Risks and Mitigations

Risk Mitigation
Cache stampede Implement cache warming and fallback logic
Memory exhaustion Set reasonable cache size limits and monitor usage
Redis failure Implement fallback to in-memory cache
Rate limit false positives Start with generous limits and monitor
Performance degradation Benchmark before and after implementation
Cache inconsistency Use appropriate invalidation strategies

Future Enhancements

  1. Cache Pre-warming - Load frequently used data at startup
  2. Two-Level Caching - Local cache + distributed cache
  3. Cache Compression - For large cache objects
  4. Dynamic Rate Limits - Adjust based on system load
  5. User-Specific Rate Limits - Different limits for different user tiers
  6. Cache Analytics - Detailed usage patterns and optimization

References

Decision Drivers

  1. Simplicity - Easy to implement and maintain
  2. Performance - Minimal impact on response times
  3. Scalability - Support for horizontal scaling
  4. Reliability - Graceful degradation on failures
  5. Open Source - Preference for open-source solutions
  6. Community - Active development and support

Conclusion

This ADR proposes a comprehensive caching and rate limiting strategy that will significantly improve the performance, scalability, and reliability of the dance-lessons-coach application. The phased approach allows for gradual implementation and testing, minimizing risk while delivering value at each stage.

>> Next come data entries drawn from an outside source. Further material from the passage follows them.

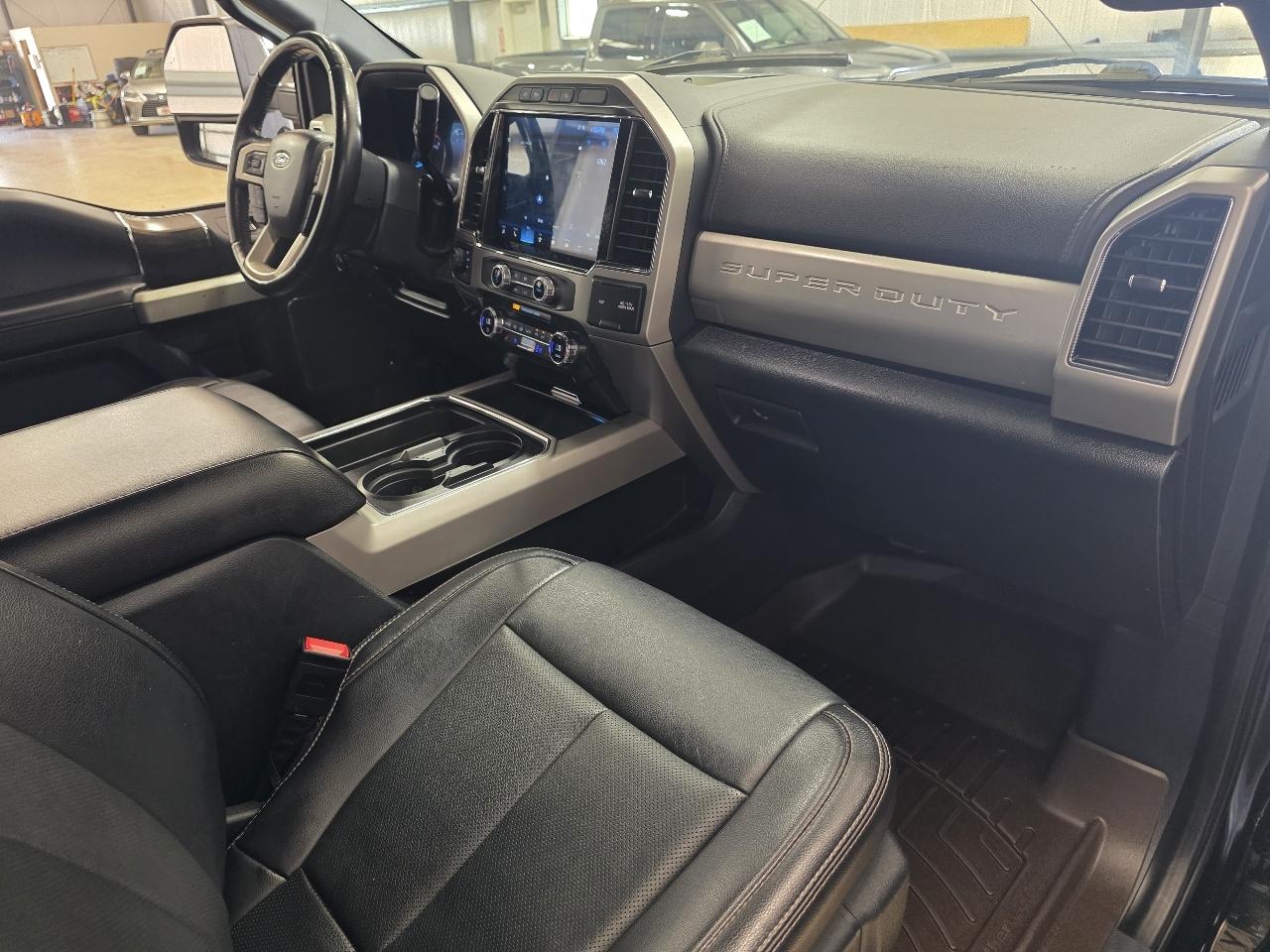 Ford Super Duty F-350 DRW Lariat 4WD Crew Cab 8' Box 2022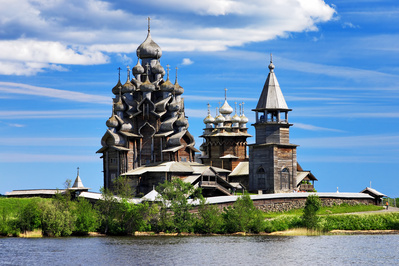 Eglise en bois sur l'île de Kiji, Carélie, Russie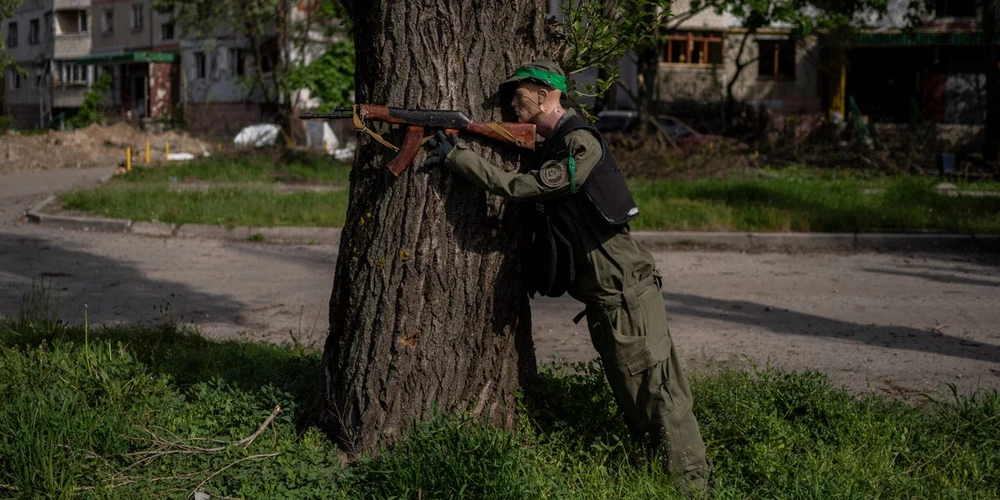 Binh sĩ giả tại tỉnh Kharkiv (Ukraine). Ảnh: The EurAsian Times decoy.jpg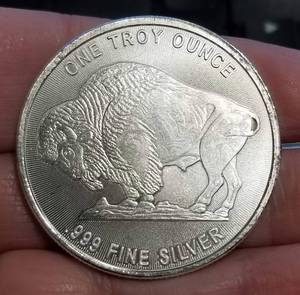 1 TROY OZ .999 FINE SILVER INDIAN BUFFALO ROUND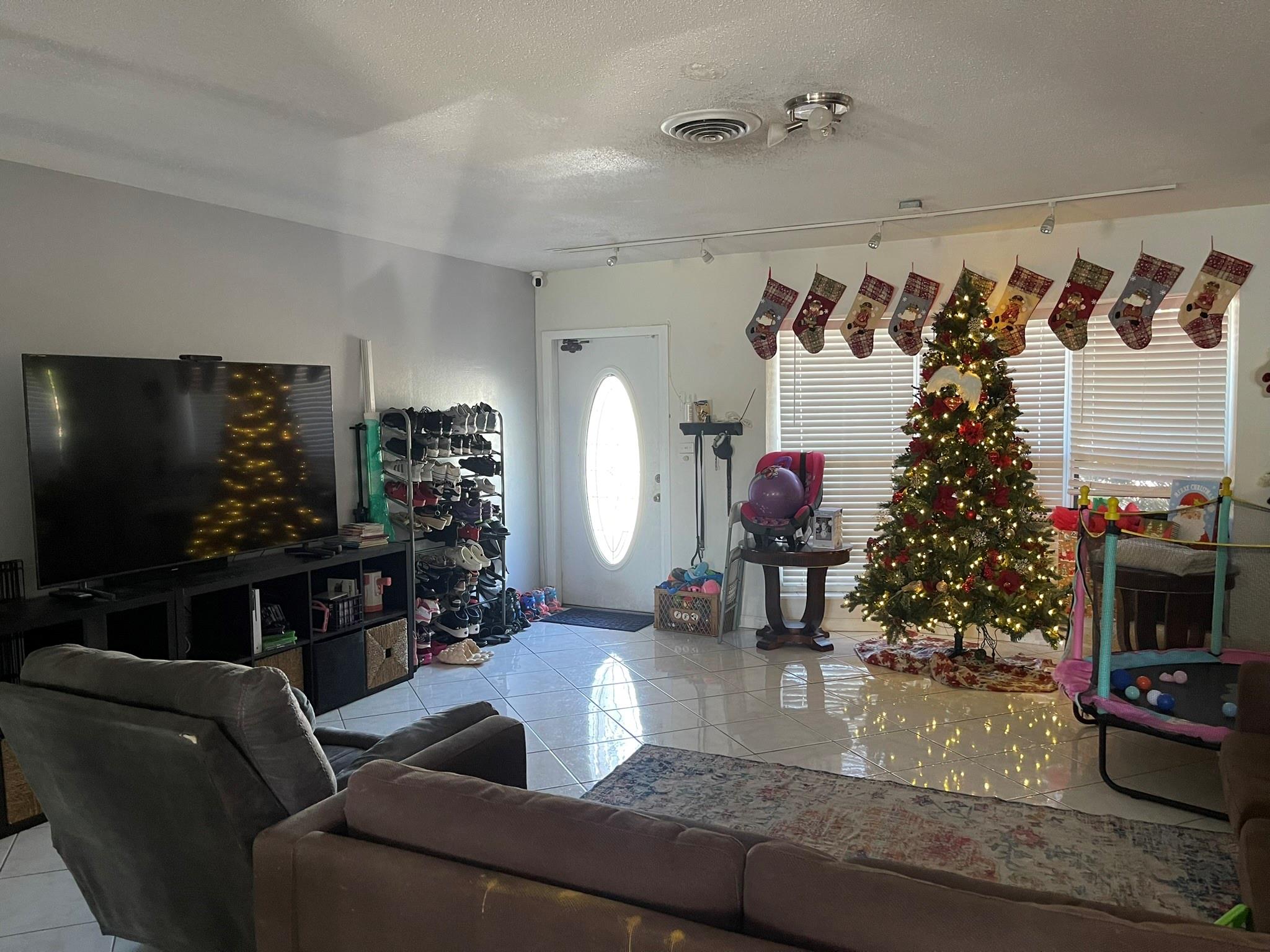 KIMBERLY VILLAGE - Residential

The combination of in-memory caching for single-instance deployments and Redis-compatible caching for distributed environments provides flexibility for different deployment scenarios. The rate limiting implementation will protect the application from abuse while maintaining a good user experience.

This strategy aligns with our architectural principles of simplicity, performance, and scalability while using well-established open-source technologies with strong community support.